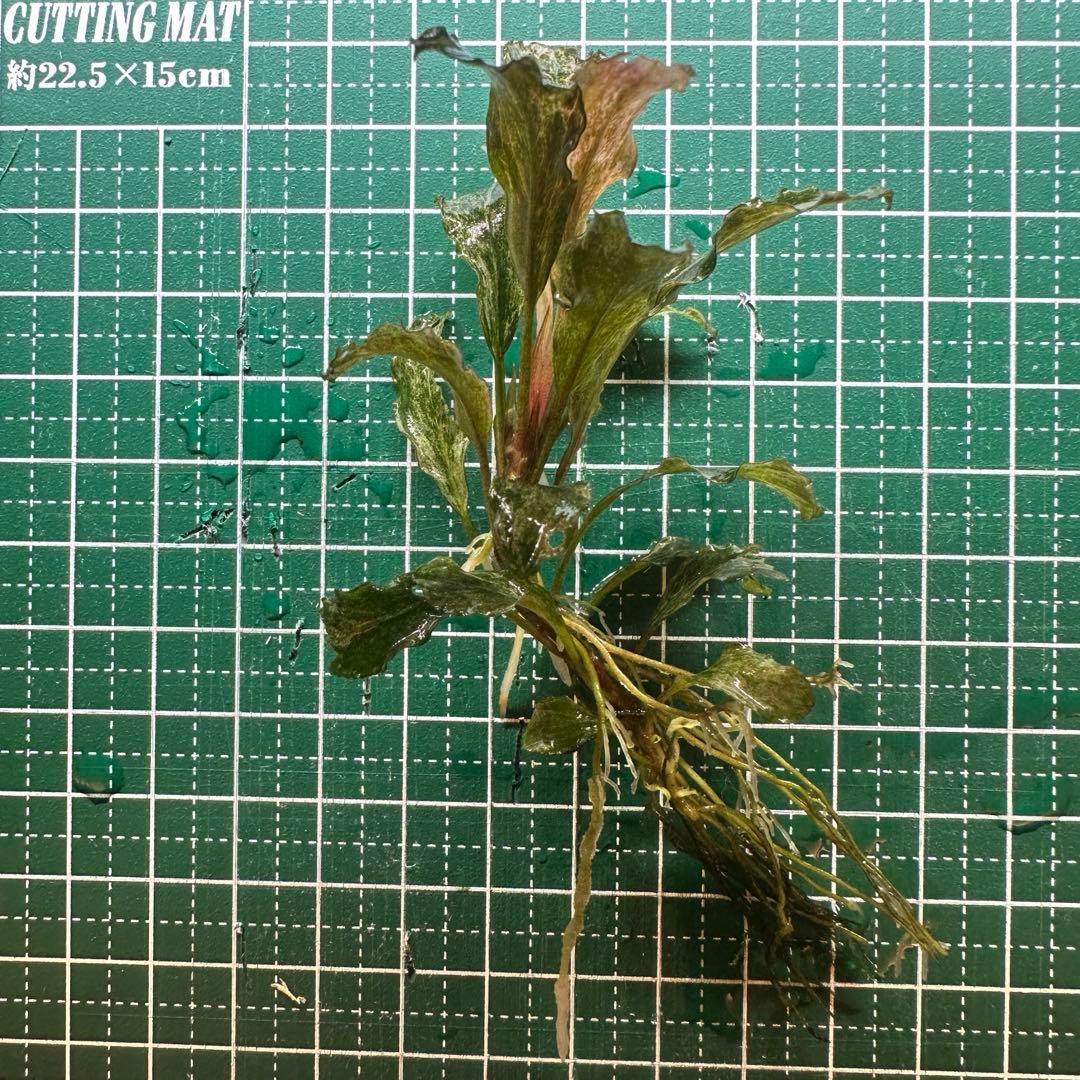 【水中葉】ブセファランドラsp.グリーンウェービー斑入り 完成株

+-------+

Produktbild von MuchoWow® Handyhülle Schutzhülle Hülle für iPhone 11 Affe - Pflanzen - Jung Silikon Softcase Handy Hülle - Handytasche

+-------+

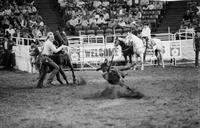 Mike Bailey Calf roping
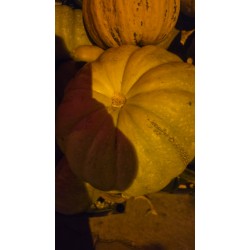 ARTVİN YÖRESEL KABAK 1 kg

+-------+

--- Problem statement ---
Give back exactly the lines above from the one with "Mike Bailey Calf roping" through the one with "ARTVİN YÖRESEL KABAK 1 kg", both included. Pictures don't belong in the copy.

--- Answer to this problem ---
 Mike Bailey Calf roping
 ARTVİN YÖRESEL KABAK 1 kg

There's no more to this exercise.